Thanks for your reply! I own a gym and have been developing this fitness product (design, testing, changes, etc) for 2 years. Obviously I have a lot already invested in getting the product to this point. It is also created for an industry that I am very familiar with. Our discussions to this point have been with the assumption that he will bring in capital, and will contribute in areas to be determined and outlined in our agreement. He also has partnership experience (is currently involved in 3 other partnerships).
I have two main concerns that I am looking to satisfy: 1) This product is one part of my business concept. I also have two other products that will be manufactured after this, as well as an entire fitness program designed around the implementation of these products. The partnership will only be for one of these products (as of now). Therefore, I don't know how to handle the possibility of the product being largely successful and at some point them wanting to sell. Would a clause defining an option to buy them out solve this?

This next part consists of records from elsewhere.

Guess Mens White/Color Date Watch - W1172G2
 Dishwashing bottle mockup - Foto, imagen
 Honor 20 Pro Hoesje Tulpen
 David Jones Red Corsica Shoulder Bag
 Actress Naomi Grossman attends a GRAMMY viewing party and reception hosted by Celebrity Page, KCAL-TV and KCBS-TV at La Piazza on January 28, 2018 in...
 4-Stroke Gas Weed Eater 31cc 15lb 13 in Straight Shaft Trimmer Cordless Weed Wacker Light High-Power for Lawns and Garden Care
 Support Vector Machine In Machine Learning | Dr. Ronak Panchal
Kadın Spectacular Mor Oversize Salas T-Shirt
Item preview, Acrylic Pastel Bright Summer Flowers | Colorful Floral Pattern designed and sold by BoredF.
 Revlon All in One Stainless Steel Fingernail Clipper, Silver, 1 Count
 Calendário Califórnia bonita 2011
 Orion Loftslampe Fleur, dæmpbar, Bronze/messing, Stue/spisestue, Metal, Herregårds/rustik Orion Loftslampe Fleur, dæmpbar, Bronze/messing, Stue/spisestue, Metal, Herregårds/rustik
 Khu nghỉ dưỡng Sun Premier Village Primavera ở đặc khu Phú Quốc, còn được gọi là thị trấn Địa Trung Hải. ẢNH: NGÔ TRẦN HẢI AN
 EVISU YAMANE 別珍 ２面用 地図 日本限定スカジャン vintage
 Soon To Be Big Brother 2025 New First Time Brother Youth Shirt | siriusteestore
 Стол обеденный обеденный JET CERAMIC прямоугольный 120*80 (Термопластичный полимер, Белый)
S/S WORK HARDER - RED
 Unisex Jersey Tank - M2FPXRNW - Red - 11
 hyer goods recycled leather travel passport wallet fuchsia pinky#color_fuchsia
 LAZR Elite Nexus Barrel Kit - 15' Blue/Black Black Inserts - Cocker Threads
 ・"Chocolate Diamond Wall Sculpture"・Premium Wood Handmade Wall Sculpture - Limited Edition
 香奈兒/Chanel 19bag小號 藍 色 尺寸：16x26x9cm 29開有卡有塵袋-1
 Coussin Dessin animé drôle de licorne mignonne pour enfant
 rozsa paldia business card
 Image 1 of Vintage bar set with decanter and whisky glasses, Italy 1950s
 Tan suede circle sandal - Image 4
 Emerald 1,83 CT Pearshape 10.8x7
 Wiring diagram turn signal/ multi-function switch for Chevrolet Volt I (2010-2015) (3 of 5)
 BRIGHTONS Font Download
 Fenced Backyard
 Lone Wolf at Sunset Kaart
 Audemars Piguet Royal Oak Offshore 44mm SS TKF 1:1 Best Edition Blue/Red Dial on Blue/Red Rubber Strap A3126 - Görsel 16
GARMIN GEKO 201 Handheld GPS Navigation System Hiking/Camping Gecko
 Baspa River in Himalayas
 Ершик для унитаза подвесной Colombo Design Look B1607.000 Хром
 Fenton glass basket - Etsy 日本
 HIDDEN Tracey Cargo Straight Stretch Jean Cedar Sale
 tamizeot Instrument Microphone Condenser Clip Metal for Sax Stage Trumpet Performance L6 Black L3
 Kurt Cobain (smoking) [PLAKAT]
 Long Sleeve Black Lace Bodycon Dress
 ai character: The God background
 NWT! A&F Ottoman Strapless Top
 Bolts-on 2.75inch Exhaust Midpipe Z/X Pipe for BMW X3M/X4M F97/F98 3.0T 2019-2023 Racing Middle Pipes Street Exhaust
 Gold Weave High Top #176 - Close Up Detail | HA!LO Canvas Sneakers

2) I feel that the package deal of myself/experience/knowledge and the product are worth more than their capital investment of $30k. I'm not sure if this is ego or common sense (since this is all in theory at the moment).
Scott,Thank you for your follow-up. Please allow me to respond to each point that you raised below: 1) This product is one part of my business concept. I also have two other products that will be manufactured after this, as well as an entire fitness program designed around the implementation of these products. The partnership will only be for one of these products (as of now). Therefore, I don't know how to handle the possibility of the product being largely successful and at some point them wanting to sell. Would a clause defining an option to buy them out solve this?
There are a couple of issues here. Typically any product development within the partnership is owned by the partnership unless and until the parties agree to keep those assets out of the partnership via agreement. It also may be a potential fiduciary breach of duty violation by creating further products outside the partnership which can compete with the current business. Those concerns can be first resolved in writing so that the parties know what belongs within the partnership and what does not. As for a 'buy-out', that is likewise possible to enter into the terms. But from what you are describing you appear to be looking more for a limited partner or silent investor rather than equal partner, if what you are seeking is a buy-out in terms of success. Perhaps you may want to consider exactly what the relationship may be especially since from a legal perspective 'sweat' equity, 'skull' equity, management, or financial backing make no difference in terms of larger or small rights to a partnership, what governs instead is the percentage on which the partners themselves agreed upon.
You may be right as there is no rule of thumb here--what counts is what you and your partner both legitimately evaluate each of your investments to be. If you believe his investment is worth 30% or even 10% and he agrees, it is valid. But this is something you both would need to discuss together and between the both of you so as to find out the fairest split. Some inventors hold the lion's share of the ownership while others keep a minority share due to the excessive financial investment. This is really for you both to fairly evaluate.